The lines to reproduce from the material below are those from the one containing "Matchup: Henry Sibley" through the one containing "Download 1366x768 wallpaper", both included; write them out exactly and add nothing.
--- Data to use Enclosed Below ---
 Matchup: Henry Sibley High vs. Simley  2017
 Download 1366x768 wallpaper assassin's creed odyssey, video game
--- End of Enclosed Data to use ---
--- Data to use Enclosed Below ---
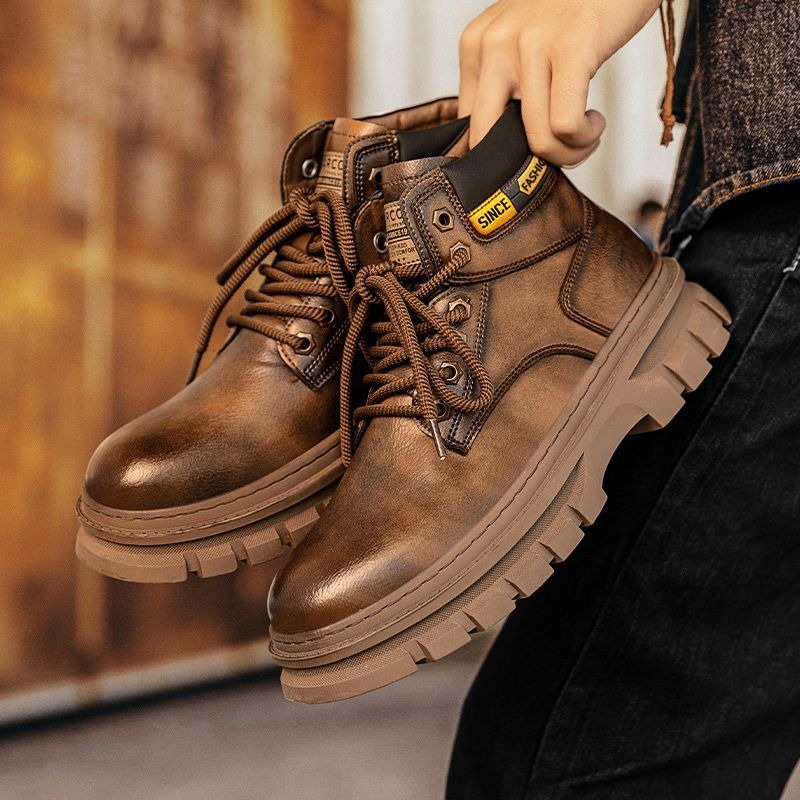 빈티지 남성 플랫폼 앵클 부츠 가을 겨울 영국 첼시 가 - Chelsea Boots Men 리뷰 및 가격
--- End of Enclosed Data to use ---
Output for this exercise:
 Matchup: Henry Sibley High vs. Simley  2017
 Download 1366x768 wallpaper assassin's creed odyssey, video game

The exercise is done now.